Applied Linguistics in Southeast Asia
W.K. Ho, R.Y.L. Wong, in Encyclopedia of Language & Linguistics (Second Edition), 2006
Bilingualism in Multilingual Societies
Societal bilingualism in Southeast Asia is extremely complex even without considering the multilingual versatility of tribal minorities in the border areas of Thailand, Myanmar, and the three Indochinese states. Only two main types of societal bilingualism are outlined here. According to Tay (1985: 191), societal bilingualism may be classified according to the status of the languages, whether they are major, minor, regional, or international (or languages of wider communication). The two examples are as follows:
(a)
a major language + language of wider communication (e.g., Tagalog–English; Bahasa Indonesia–English; Malay–English; and Thai–English);
(b)
major language + national language + international language (e.g., Javanese/Madurese + Bahasa Indonesia + English; Mandarin + Malay + English).
The choice of an individual bilingual's repertoire in any one situation is governed by a variety of different factors: (1) the geographical area in which a language or dialect predominates, e.g., a bilingual Chinese speaker can expect to use Cantonese rather than Hokkien (two Chinese dialects) in certain towns in Malaysia because a particular town (e.g., Kuala Lumpur or Ipoh) is predominantly Cantonese-speaking; (2) domains, such as family, friendship, business transactions, employment, religion, and education. Domains may be classified along a range of formality or informality. Certain codes are typically used in certain domains; e.g., in Malaysia, Standard Malay is generally used in the more public and formal domains, whereas Bazaar Malay is used in interactions with the non-Malays in the market place. Similarly, the official languages are used in the educational domain in Singapore, but Chinese dialects continue to be used, to a lesser extent now, in family and friendship domains, especially in interactions with the elderly.
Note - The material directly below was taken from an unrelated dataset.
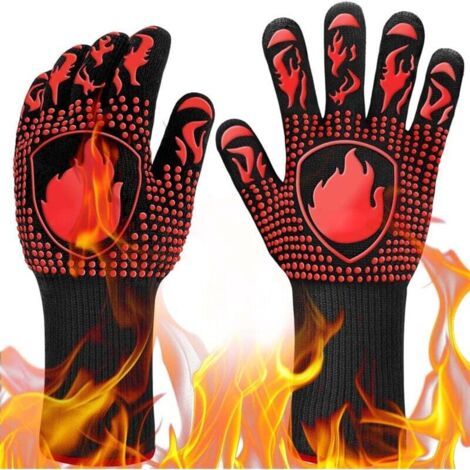 Grillhandschuhe, Hitzebeständige Handschuhe bis 800°C. Universelle Hitzebeständige und rutschfeste Küchenhandschuhe für BBQ Grill Ofen Küche und Kamin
A few countries in Southeast Asia describe their education systems as bilingual, but the models of bilingual education in Singapore, Malaysia, Brunei, and the Philippines differ in many ways. Nonetheless, it is possible to argue that they are all bilingual to the extent that there are clear societal roles for the languages taught at school. Whereas Singapore and Brunei have a declared bilingual policy, the policy of Malaysia is not explicitly stated as being bilingual, although it now is for certain grade levels in schools. English has a special place in each of the four models, with the instruction time allocated to English varying from model to model. Probably, as a result of time provision and the different linguistic environments in the four countries, the outcomes of the different models have been different – Malay-dominant bilingualism for Malaysia and Brunei in the rural sector and English-dominated bilingualism in the urban areas among the non-Malay-ethnic speakers, whereas that of the Philippines may be described as Filipino-dominant bilingualism. Singapore's situation was described by Pakir (1992) as English-dominant bilingualism, although with the success of the Speak Mandarin Campaign in the past 25 years (1979–2004), there is now a greater proportion of Mandarin-dominated bilingualism. These terms for different patterns of bilingualism do not adequately recognize that the language situations in these four countries are diglossic in the sense that each major language serves different social functions.